- O Globo
Tomara que o próximo governante saiba como resolver o nó energético do país, porque até agora o debate passou apenas pela superfície de uma crise que não tem tamanho. O governo ficou tão temeroso de admitir riscos de falta suprimento em ano de eleição que aprofundou o problema. Se tivesse havido esforço para economizar energia, a tarifa a pagar em 2015 seria menor.
Com campanhas de redução de consumo de luz, racionalização de uso, o país teria diminuído o consumo de energia em 2014. Isso teria poupado água nos reservatórios e menos termelétricas teriam sido usadas. Com menos geração térmica, a conta a pagar seria menor. Porque é assim: quanto mais se usa hoje, mais se paga amanhã. Pelas normas da Aneel, o custo de um ano vai para o seguinte.
A teimosia do governo aumentou a conta do futuro. O especialista Mário Veiga alertou para isso em entrevista que me concedeu no começo deste ano: como choveu bem menos que a média histórica todos os meses, o mais correto do ponto de vista da gestão do setor elétrico seria reduzir o consumo para poupar o bolso e para se prevenir contra o cenário pior.
Quanto maior o consumo das famílias e das empresas, maior é a necessidade de se usar térmicas. Isso eleva o custo das empresas distribuidoras na compra da energia. Outro problema é o das geradoras. Como choveu pouco, as hidrelétricas tiveram menos água nos reservatórios. O ONS mandou que elas gerassem o pico da sua capacidade, mas elas não conseguiram, por falta de água, e foram obrigadas a comprar das térmicas e arcar com a enorme diferença de custos.
O governo é culpado pelo agravamento da crise, por vários motivos. Primeiro, reduziu o preço da energia no momento errado e pelos motivos errados; segundo, adiou o programa de bandeiras tarifárias que entraria em vigor este ano.

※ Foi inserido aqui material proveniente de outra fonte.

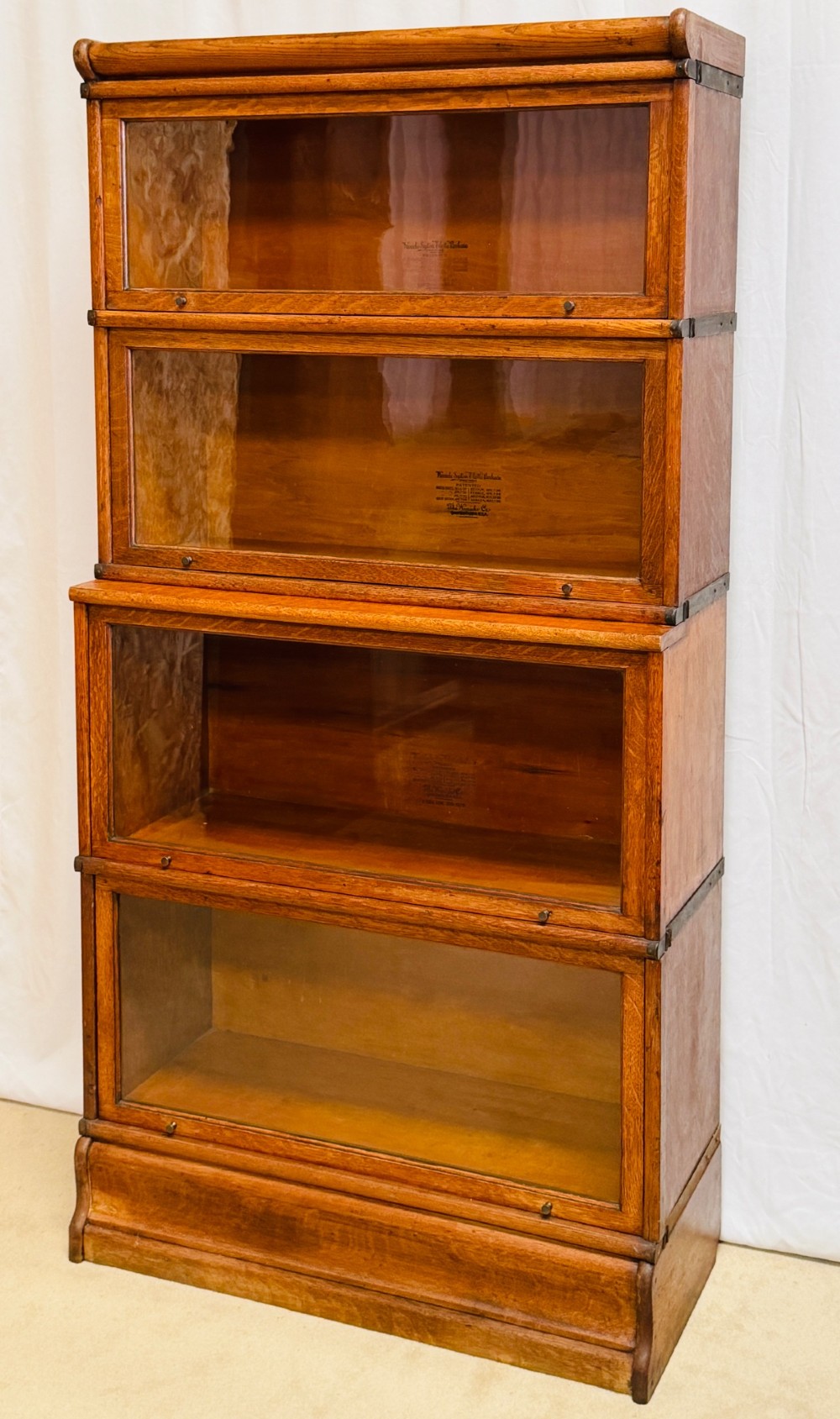 A six-piece antique oak modular barrister bookcase with four glass-fronted lifting doors and metal side straps. View XII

Será só no ano que vem, porque o governo não quer dar má notícia ao eleitor. O sistema de bandeiras tarifárias funcionaria como um sinal amarelo, o preço subiria quando fosse usada mais energia térmica, que é mais cara. Terceiro, em vez de avaliar sinceramente a grave crise financeira das distribuidoras, preferiu inventar a fórmula do empréstimo via CCEE para empurrar o problema para a conta do ano que vem; quarto, foi ele que, por imperícia nos leilões, deixou empresas descontratadas. Quinto: um empréstimo de R$ 10 bilhões dado pelo Tesouro em 2013 às distribuidoras deveria ter sido pago em 2014, mas foi adiado para depois da eleição.

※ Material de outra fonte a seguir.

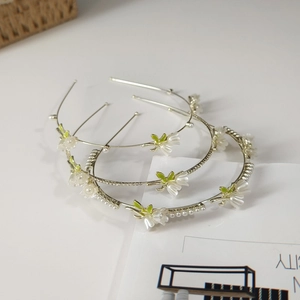 Detail of lily of the valley headband with white floral petals, pearls and crystals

Ficou conta demais para depois das eleições. As tarifas terão que compensar o empréstimo do Tesouro, os dois empréstimos tomados pela CCEE, os aumentos de custos das empresas e, além disso, entrará em vigor o sistema das bandeiras tarifárias. Como desarmar essa bomba? Ela foi jogada no colo de quem governar o Brasil a partir de 2015.
As geradoras estão arcando com um custo despropositado por não poderem gerar o que lhes manda o ONS. Elas simplesmente não têm água para gerar. E o custo delas não poderá ser repassado porque não está previsto em lei. O governo disse que faz parte do “risco do negócio”. Ora, nenhum setor tem que arcar com um rombo que pode chegar a R$ 20 bilhões por problemas que não foram criados por ele. Isso não é risco do negócio, é erro de gestão governamental.
O Brasil está em uma situação esquisita. Apesar de não ter crescido, foi o país no qual mais aumentou a taxa de carbono na economia, segundo uma pesquisa da consultoria PwC, que acompanha há anos seis anos o grau de “carbonização” dos países. A carbonização da economia brasileira aumentou 5,5% entre 2012 e 2013, pelo uso maior das térmicas, que já começou no ano passado. A nossa matriz está ficando mais suja, apesar de o Brasil estar crescendo pouco.
É muito mais fácil para o governo dizer que tudo que está acontecendo é provocado pela falta das chuvas. A imprevidência da gestão hídrica provocou problemas de abastecimento de água em São Paulo na administração tucana, e isso calou uma parte da oposição. De qualquer maneira, no pouco tempo de um debate, em uma entrevista ou na propaganda eleitoral, é difícil explicar a sucessão de erros do governo na área de energia. Esses quatro anos de Dilma deixam uma pesada herança que será um desafio enfrentar.